First baseman Griffin Dey ’19, righthander Scott Politz ’19, pitcher Kumar Nambiar ’19 and infielder Simon Whiteman ’19 all made the move to professional baseball this summer. Whiteman went in the ninth round to the San Francisco Giants, before being moved to the Salem-Keizer Volcanoes who play in the A league. Next came the Elis’ prolific slugger Dey, who was selected in the 23rd round by the Detroit Tigers. He currently plays for the GCL Tigers West ball club. In the 29th round, the St. Louis Cardinals chose Politz and in the 34th, the Oakland Athletics took Nambiar.
“It’s awesome to see how last years seniors’ work has come to fruition and are able to make their dreams a reality in the minor leagues,” infielder Dai Dai Otaka ’20 said. “I am sure many of the guys on the team have been keeping in touch with them as well as keeping track of their progress. We all are very happy to see their success continue.”
Whiteman was a force to be reckoned with throughout his time in New Haven, with his defensive prowess matched only by his efficient hitting. The Connecticut native saved his best for last, however, by setting career highs in multiple categories as captain during his senior year. Whiteman batted an impressive .337 average through 41 games, ranking fourth on the team.
His speed was unmatched as he led the squad with 34 stolen bases. Whiteman began his minor league career with the Volcanoes, batting .279 and gathering 14 RBIs. He has since moved to the Augusta Green Jackets, where he has totalled 28 hits and stole 13 bases.
“I’m taking in all I can to make myself the best I can be this offseason and moving forward,” Whiteman said. “I’d like some day to be a premier base stealer in the big leagues — it’s a dream I’ve had for a long time. I’m still far off, but closer than I’ve ever been before. It’s an exciting time, and more than anything, I feel blessed. I’m ready to put in some work this offseason to come back to Spring Training 2020 ready to go.”

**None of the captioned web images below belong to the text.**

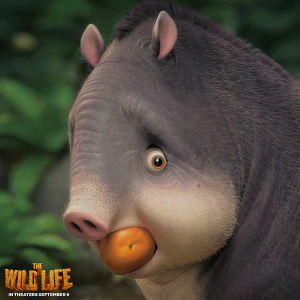 tapir,jaw drop,jawdrop,huh,what,oh,really,woah,rosie,the wild life,thewildlife
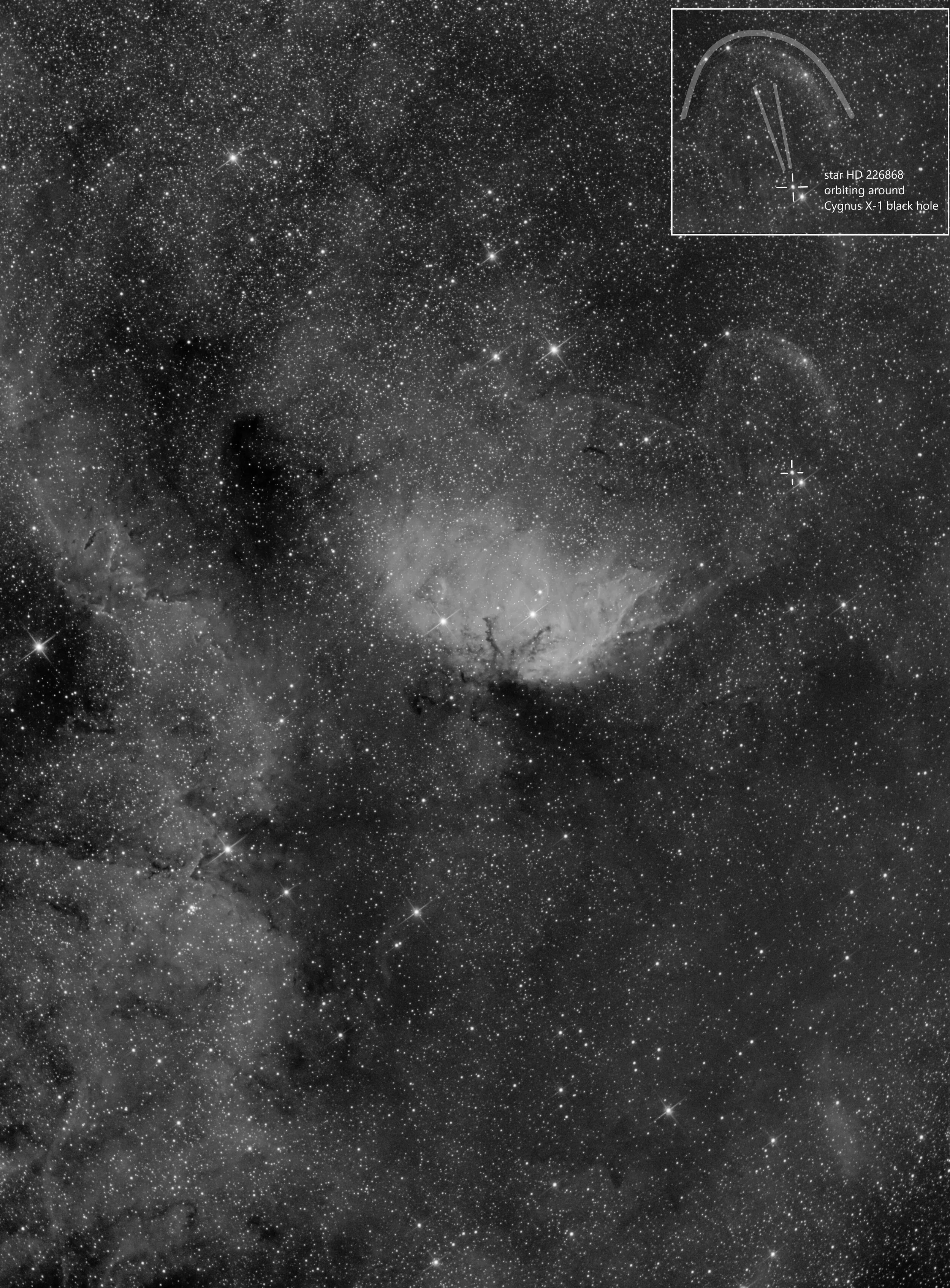 Tulip nebula & Cygnus X-1 black hole jet — AAPOD2.COM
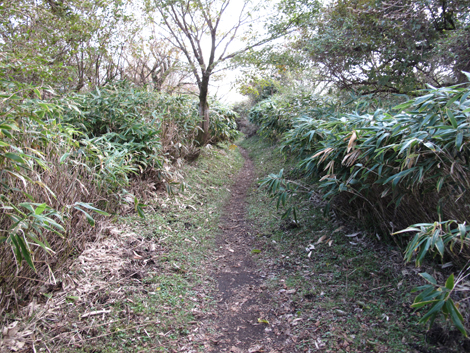 20181025hike (263)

Dey was a nightmare for pitchers during his time at the plate for the Bulldogs. The slugger finished just one home run shy of Ryan Lavarnway’s ’09 record of 30 home runs in a career. He also ranks fifth on the career RBI list for Yale with 126 runs scored in his tenure. Dey batted an exceptional .362 his senior season while also lifting 11 moonshots. The Tigers, recognizing his major hitting ability, assigned him to their Rookie league team: the GCL Tigers West. Dey played in two games, batting .250, before being placed on the injured reserve list.
Politz, meanwhile, consistently tossed well throughout his Bulldog career which put him in a position to play professionally. The three-time All-Ivy player’s crowning moment with the team undoubtedly came during his untouchable 2017 campaign, when he finished third in the NCAA with 11 wins in 13 starts, including a victory in the NCAA Tournament. The Cardinals’ pick was assigned to the Single A New York-Penn League, where he currently boasts a reasonable 3–3 record over 13 games and 12 starts.
Nambiar, taken by A’s general manager Billy Beane, was a strikeout machine for the Elis, capping off a successful career with a win in his final outing for Yale against Dartmouth. The southpaw, who pitched a complete game, gave up a mere two hits and struck out nine. Unfortunately for Nambiar, the transition to the pros has not been as fruitful. The New York-state native lays claim to a 1–4 record in the Athletics’ rookie league with an ERA of 5.25.
“Being able to watch these guys that we played with play professionally and find success shows all of us Ivy Leaguers that our league is legit and we can play with anyone,” pitcher Alex Stiegler ’20 said. “It’s great for younger guys to be able to see it.”
In total, nine Ivy players from five schools were selected in this year’s MLB Draft.